これまでに発信器をつけて行動を追跡してきたクマはあわせて217頭にのぼります。

NPOでは、1頭1頭のクマに管理番号などにちなんだ名前をつけて管理してきました。
ひとことで「クマ」と言っても個性があり、山の中にずっととどまっているクマもいれば、広範囲に動きまわるクマもいます。

人里に出てきて問題を起こすのは、その中のごく一部のクマだということです。
NPO法人ピッキオ 田中純平さん
1頭1頭にどんな個性があってどういう動きをするのか、名前を付けることで把握しやすくしています。

あるクマの3年間の記録

働きかけを重ねることで、徐々に行動に変化をみせたクマも出てきています。

2014年の夏、2歳のときに「緩衝地帯」で捕獲された雌グマの「ジュンナ」です。
日中に人前に堂々とあらわれ、人を怖がるようすもなく木に登って桑の実を食べているという通報が相次ぎました。
発信器を付けたジュンナはその後どうなったのか。3年間の行動記録が残されています。
赤色の点が、2015年にジュンナの電波が確認された場所です。

赤い線が「緩衝地帯」と「市街地」のボーダーラインですが、ジュンナはそのラインを越えて、下側の市街地のエリアまでたびたび入ってきていたことがわかります。
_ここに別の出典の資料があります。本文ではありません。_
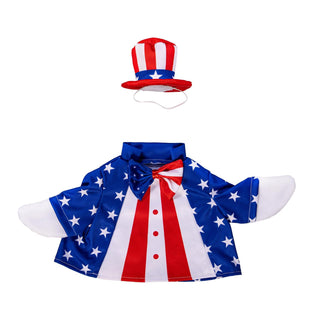Giddy the Goose Outfit, Patriotic Suit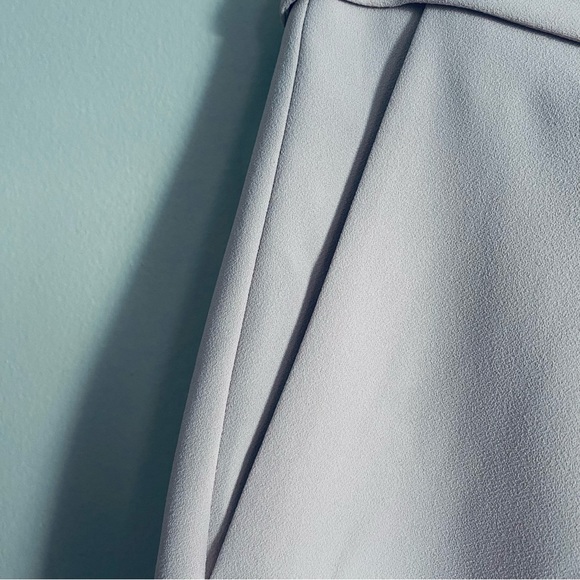 EXPRESS Women's Light Pink Bermuda Extreme High Rise Belted Shorts Size 12 NWT - Picture 4 of 12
NPOではそのたびに追い払いを繰り返し、「この場所はだめだ」とわからせるための働きかけを繰り返しました。

すると翌年2015年、ジュンナは行動を山側の方へと移していきます。
青の点が2016年の電波が確認された場所です。

「緩衝地帯」と「森林」の緑の線をほとんど越えることなく、森林エリアにとどまっていたことがわかります。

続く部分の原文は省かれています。